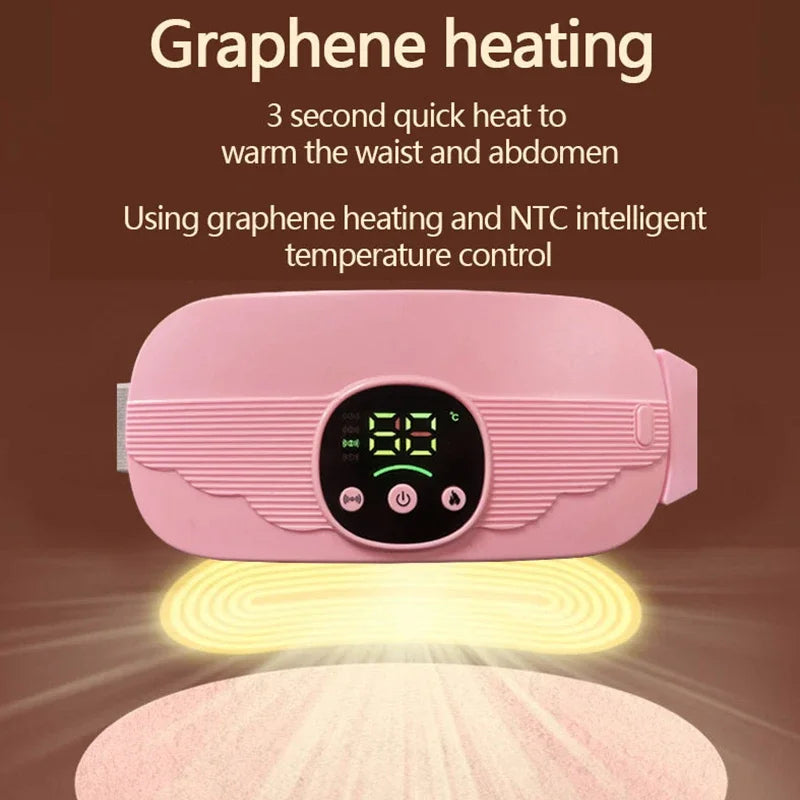 Smart Menstrual Heating Pad | 4-Gear Constant Temperature Abdominal Massager with Vibration | Warm Palace Belt for Period Cramps & Pain Relief – Pink Colour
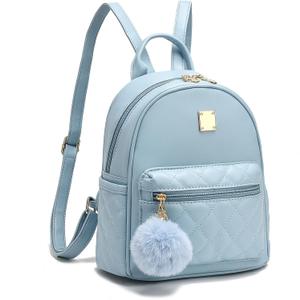 Girls Fashion Mini Backpack Purse Small Cute Plaid Leather Women Backpacks Little Bag, Mint Blue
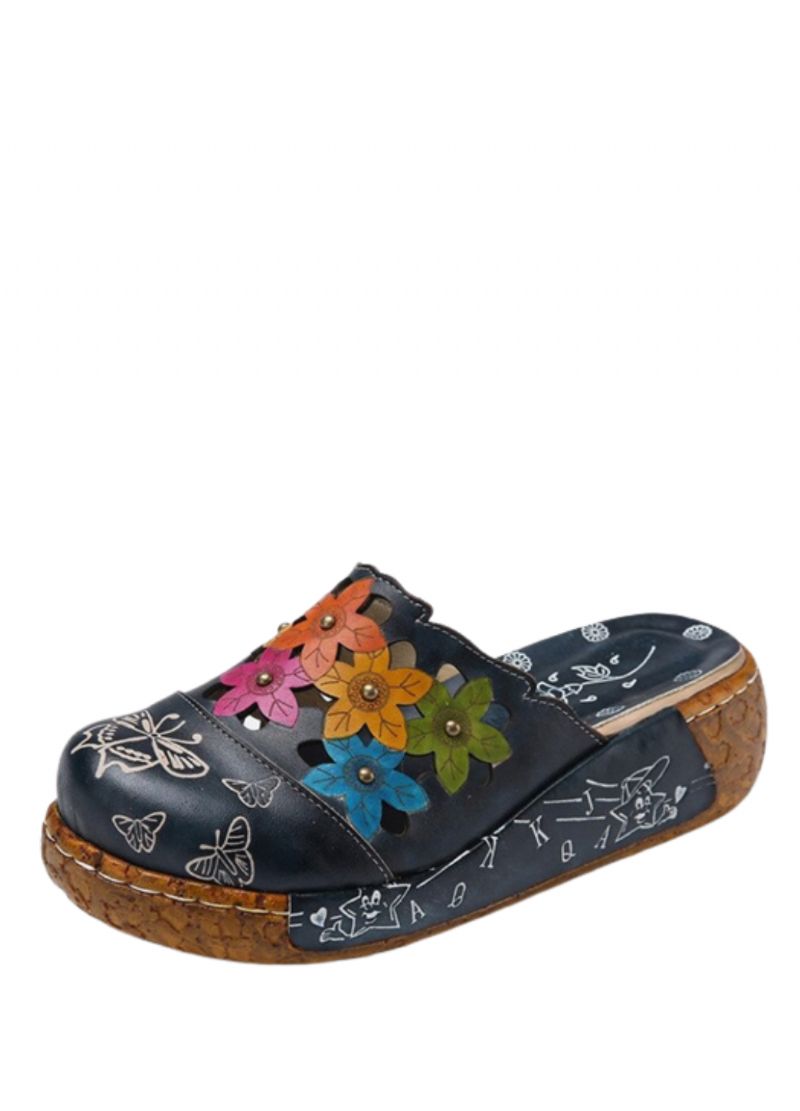 Diana Damskie Platformowe Skórzane Clogs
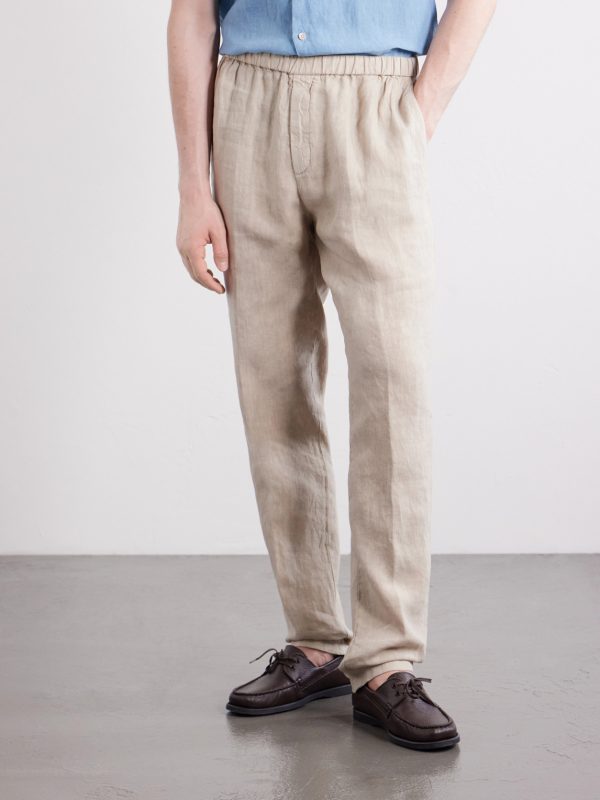Tapered Linen Trousers - FR Tapered Linen Trousers - FR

→ Try it:
Your copy must begin at the line containing "Girls Fashion Mini" and end at the last line of the material above. Reproduce each line exactly, but not the pictures.

→ Result:
 Girls Fashion Mini Backpack Purse Small Cute Plaid Leather Women Backpacks Little Bag, Mint Blue
 Diana Damskie Platformowe Skórzane Clogs
Tapered Linen Trousers - FR Tapered Linen Trousers - FR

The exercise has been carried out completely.